Offering frequent news and analysis from the majestic Evergreen State and beyond, The Cascadia Advocate is the Northwest Progressive Institute's unconventional perspective on world, national, and local politics.

Wednesday, April 8, 2009

Washington left behind on marriage equality

Last week Iowa's Supreme Court ruled that Iowa's state constitution prohibits discrimination against same-sex couples with respect to the institution of marriage. Iowa! In the middle of the heartland!

Yesterday, Vermont's legislature overrode governor Jim Douglas's veto of a marriage equality bill. Vermont thus joins Iowa, Massachusetts, and Connecticut as the fourth state to fully recognize legal marriage for same-sex couples. (Note, though, that Iowa's court ruling won't take effect for a few weeks yet). Washington D.C. followed up with a city council ruling that recognizes same-sex marriages sanctioned in other states.

California's supreme court, last spring, made world-wide headlines when it found that marriage is a fundamental civil right that and may not be statutorally prohibited. There followed a shining period of a few months when tens of thousands of gay and lesbian couples, like celebs like Ellen DeGeneres and Portia de Rossi, wed each other before the Mormon- and Catholic-backed Proposition 8 took that right away again. That issue is now pending in the California courts again, where the state supreme court seems likely to overturn it.

Monday, there were three states with full marriage equality for all. Today, there are four. Internationally, the list of pro-love jurisdictions also includes Canada, Spain, South Africa, the Netherlands, and Belgium.

I applaud the open-minded, compassionate hearts and minds in all those places who recognize that love is love, no matter the genders involved.

It is wonderful progress.

But with every step, Washington State is left further and further behind.

We're already behind these leading lights elsewhere in the world. South Africa, which just as recently as the 1980s didn't even have basic racial equality, now has marriage equality while our own legislature is only now working on a civil unions bill! Civil unions are a step in the right direction, but they are at best a "separate-but-equal" half measure that will appease some, displease others, but will make no one truly happy or truly equal.

Our state's laws also lag behind its citizens' values. Nate Silver, over at fivethirtyeight.com, recently posted a very interesting analysis of same-sex marriage bans nationwide.

Nate, whose predicitons and numbers in the presidential race last year were better than anybody else's (by far), finds that Washingtonians would probably reject a same-sex marriage ban if one were put on the ballot this year.

I love my state. I choose to live here for a lot of reasons, many of which I know our gay and lesbian brothers, sisters, sons, and daughters share.

I hope they stay in the Evergreen State.

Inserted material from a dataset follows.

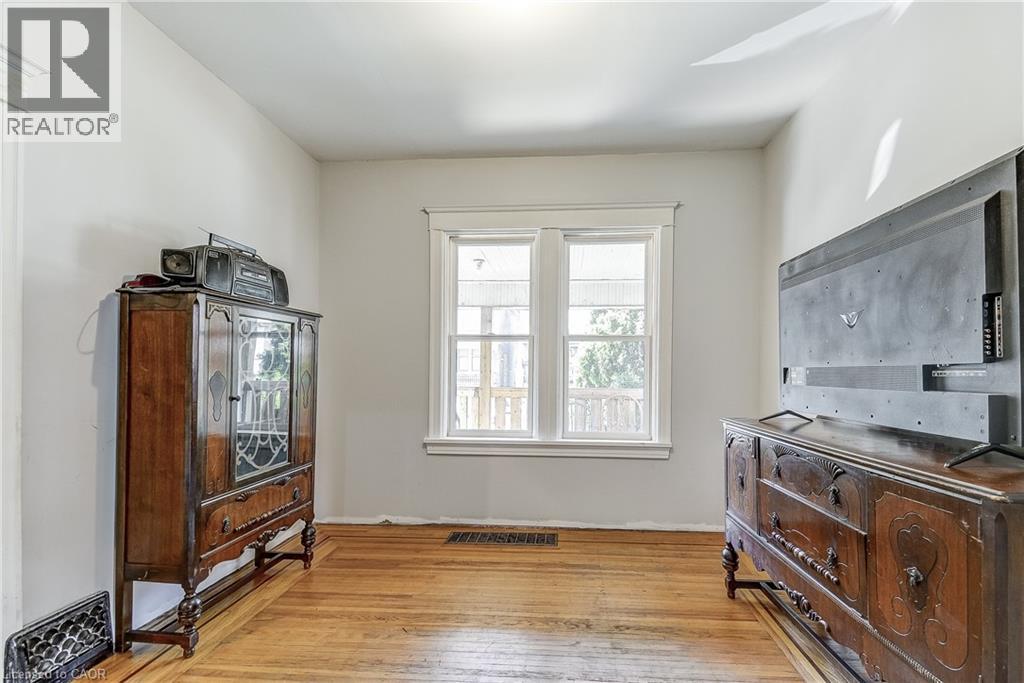 11 Elm Street, Hamilton, Ontario  L8M 1Y2 - Photo 7 - 40752592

But boy, if I were a gay or lesbian Washingtonian, it would be hard not to be thinking about moving to a state with truly equal civil rights for me.

Comments:

Blogger Sean said...

As a married gay person in my mid 20s, I have to admit it's fast becoming my primary consideration when considering where to start our family.

I am very unhappy that Washington can't offer me marriage, as it is a very nice state in other aspects.

April 9, 2009 12:18 AM  
Blogger Marina said...

It's just the way politics in Washington State works--we could pass it now, but I seriously doubt it will happen until 2013 or so, because for all that the conservatives scream that they're being oppressed here, the simple fact is that the Washington State democratic party has always been enormously reluctant to use the power it wields.

I grew up here and spent my life here, with only a few absences of a year at a time at most, and now at the age of twenty-six I'm moving in with my girlfriend in Vancouver WA, only like the fifth place I've lived in the state which I love beyond all other things--but though I cannot get married here, I'll be remaining in the state short of my work taking me elsewhere. I value the distinctive and tolerant culture of Washington State more than anything, even as I know that in the same fashion it leads to the governing style which makes us move with Fabian slowness on this crucial issue.

That said I do have a vague hope that it might be possible to bring marriage onto the table sooner here, but when it comes down to it let's remember, too, that though our law is imperfect, queer people are accepted as human beings in Washington State. A piece of paper is, I fear, a thin protection against the religiously-fanned flames of real, dehumanizing hatred which are still prevalent in the heartland. It's shameful, but also predictable, for Washington to have not yet acted, but it's not a reason to abandon the state.

Among other things, we at least have the confidence of knowing it will be impossible for gay marriage to be banned here once it's been legalized--after all, our constitutional amendment process actually protects the constitution from simple majorities. I was just shocked to find out how easy it was to amend the constitutions of other states, and I'm very proud that the founders of our state had the sense to require a 2/3rds vote in each chamber of our state legislature before sending a measure on to the people. And it'll be a cold day in hell when 2/3rds of both houses of the Washington State legislature vote to ban gay marriage, especially now, so we can at least be confident that the horrendous situation in California will never come to pass here when we finally get around to catching up with the rest of the world.

Speaking of which, Nepal is also legalizing gay marriage, which is honestly much bigger of a shocker than South Africa.